Prognostic value of 18F-FDG PET for hepatocellular carcinoma patients treated with sorafenib
Version of Record online: 3 MAY 2011
© 2011 John Wiley & Sons A/S
Volume 31, Issue 8, pages 1144–1149, September 2011
How to Cite
Lee, J. H., Park, J. Y., Kim, D. Y., Ahn, S. H., Han, K.-H., Seo, H. J., Lee, J. D. and Choi, H. J. (2011), Prognostic value of 18F-FDG PET for hepatocellular carcinoma patients treated with sorafenib. Liver International, 31: 1144–1149. doi: 10.1111/j.1478-3231.2011.02541.x
- Issue online: 7 AUG 2011
- Version of Record online: 3 MAY 2011
- Received 21 January 2011, Accepted 6 April 2011
- 18F-FDG PET;
- hepatocellular carcinoma;
Background: Sorafenib (Nexavar) is an orally active multikinase inhibitor that is approved for the treatment of hepatocellular carcinoma (HCC). In this study, we used 18F-2-fluoro-2-deoxyglucose (18F-FDG) with positron emission tomography (PET) to predict the treatment outcome of sorafenib in patients with advanced HCC.
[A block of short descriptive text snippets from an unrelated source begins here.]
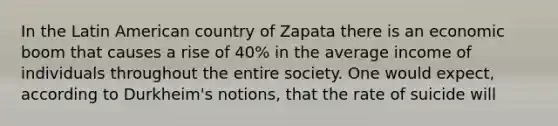 In the Latin American country of Zapata there is an economic boom that causes a rise of 40% in the average income of individuals throughout the entire society. One would expect, according to Durkheim's notions, that the rate of suicide will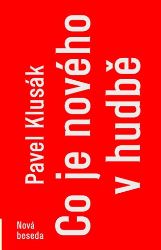 Co je nového v hudbě - Pavel Klusák - Odborná a technická literatura Co je nového v hudbě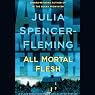 All Mortal Flesh: A Clare Fergusson and Russ Van Alstyne Mystery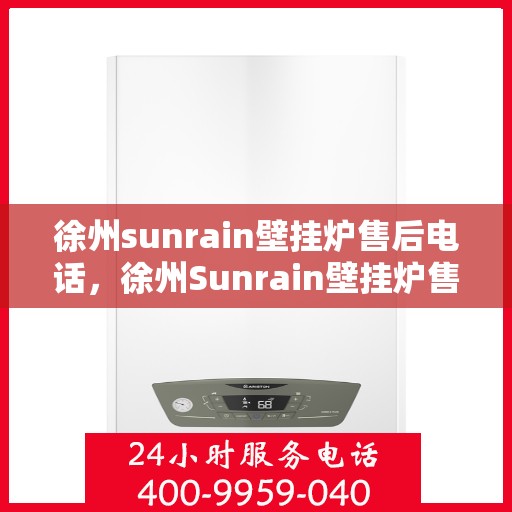 徐州sunrain壁挂炉售后电话，徐州Sunrain壁挂炉售后服务热线及电话查询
Materials and methods: A total of 29 patients with HCC were included. Baseline 18F-FDG PET scans were performed a median of 14 days before sorafenib treatment. Sorafenib was administered orally at a dose of 400 mg twice daily. For statistical analysis, the standardized uptake value (SUV) of the most hypermetabolic lesion was obtained and assigned as the SUVmax for each patient.
Results: Among 29 patients, one patient achieved partial remission and 14 patients showed stable disease. The overall survival (OS) and progression free survival (PFS) were 5.1 months [95% confidence interval (CI): 0.0–12.0] and 3.8 months (95% CI: 1.4–6.2). The multivariate analysis of OS showed that four indices, Eastern Cooperative Oncology Group performance status, α-fetoprotein (AFP) concentration, portal vein thrombosis and SUVmax were significant prognostic factors (P=0.030, P=0.024, P=0.020 and P=0.015 respectively). AFP concentration and SUVmax were independent prognostic factors for PFS, too (P=0.003 and P=0.026 respectively). When the patients were divided into two groups: low SUVmax (n=10; <5.00) and high SUVmax (n=19;≥5.00), the low SUV group showed significantly longer OS and PFS (P=0.023 and P=0.042 respectively).
Conclusion: Our study showed that the degree of FDG uptake is an independent prognostic factor in patients with HCC who undergo sorafenib treatment.